┌─ Data section

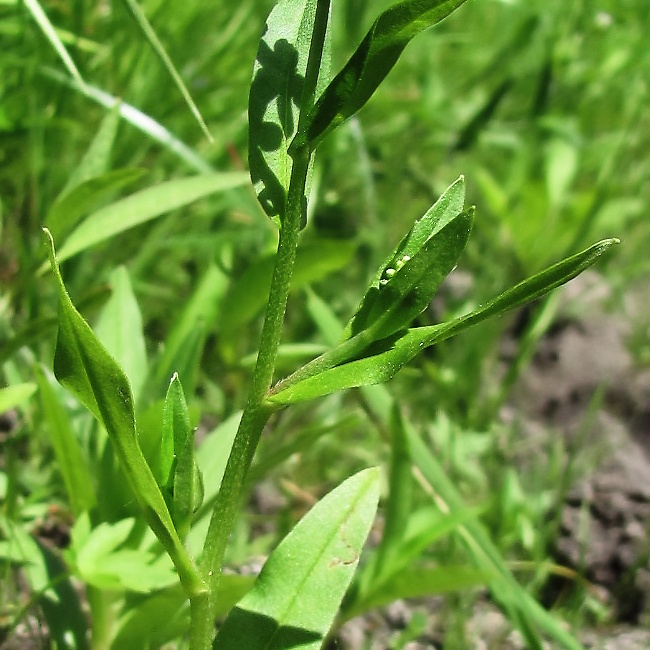 Изображение особи Myosotis nemorosa.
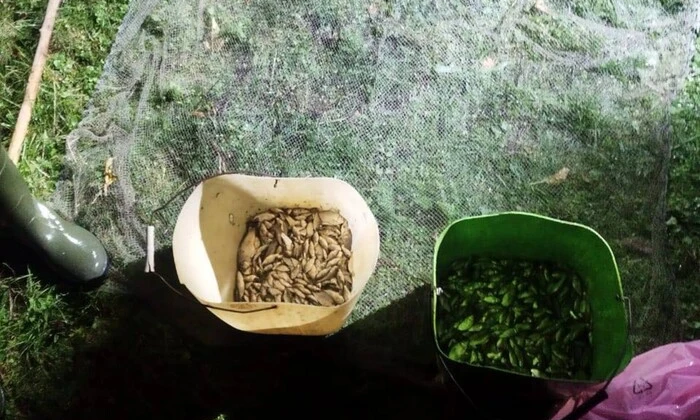 Браконьєр наловив карасів на Вінниччині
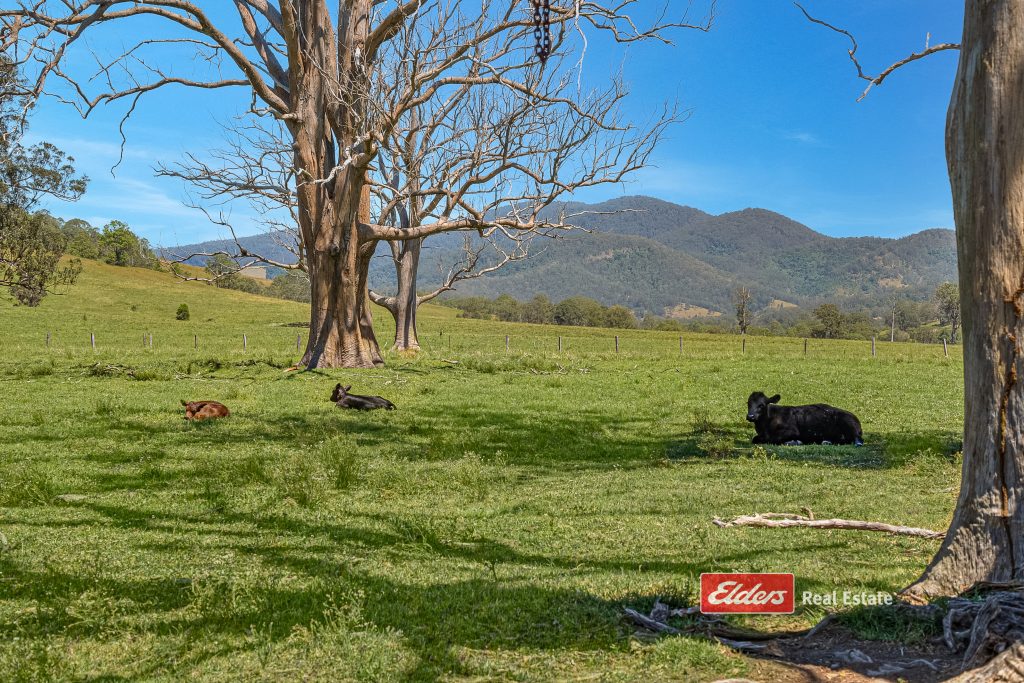879 Bowman Farm Road, Bowman Farm via, GLOUCESTER, NSW 2422 AUS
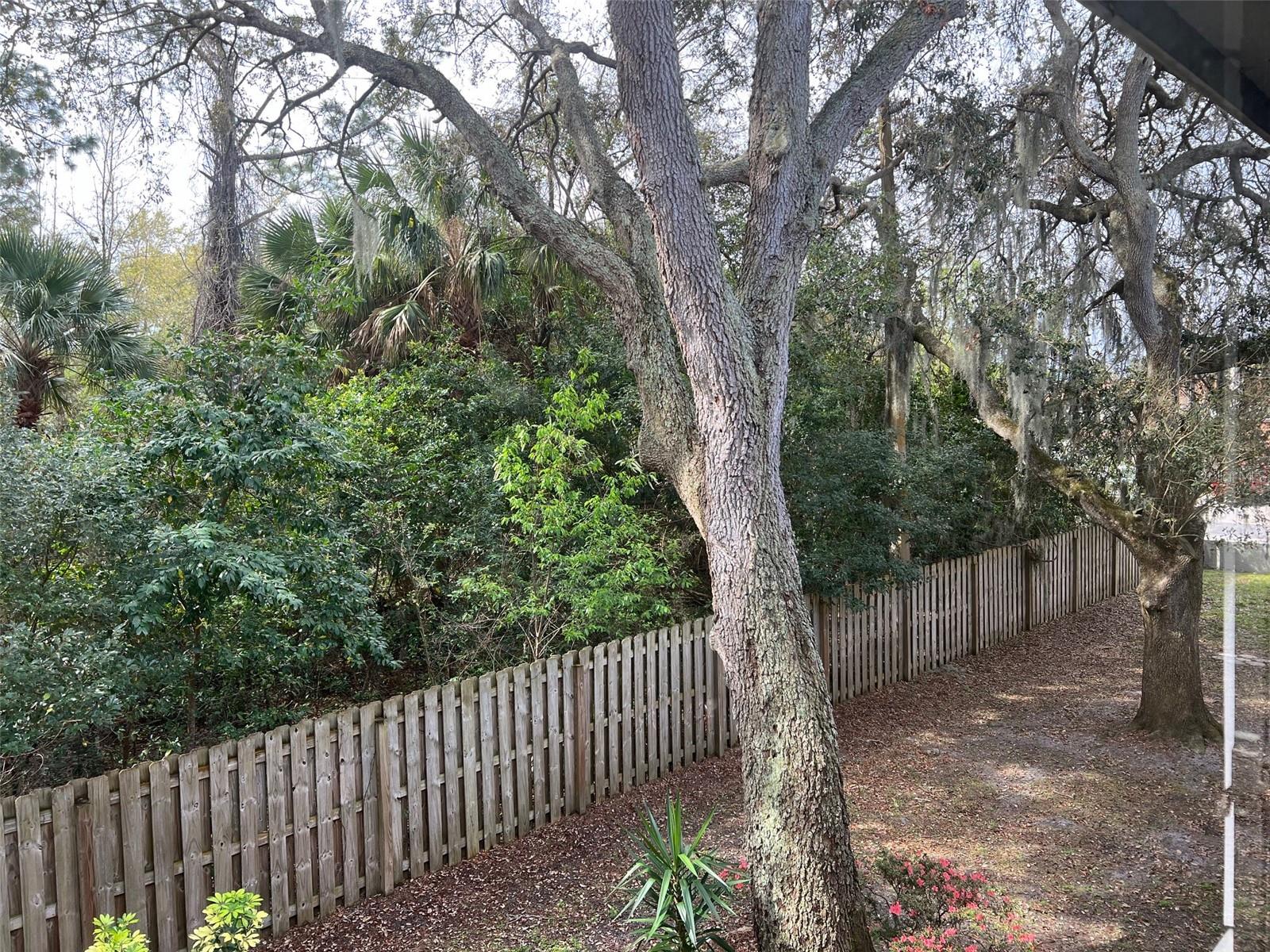 VILLAGE SQUARE/TITUSVILLE - Residential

└─

» What you need to do
The answer must be the full listing, word for word, with no images in it.

» Result
 Изображение особи Myosotis nemorosa.
 Браконьєр наловив карасів на Вінниччині
879 Bowman Farm Road, Bowman Farm via, GLOUCESTER, NSW 2422 AUS
 VILLAGE SQUARE/TITUSVILLE - Residential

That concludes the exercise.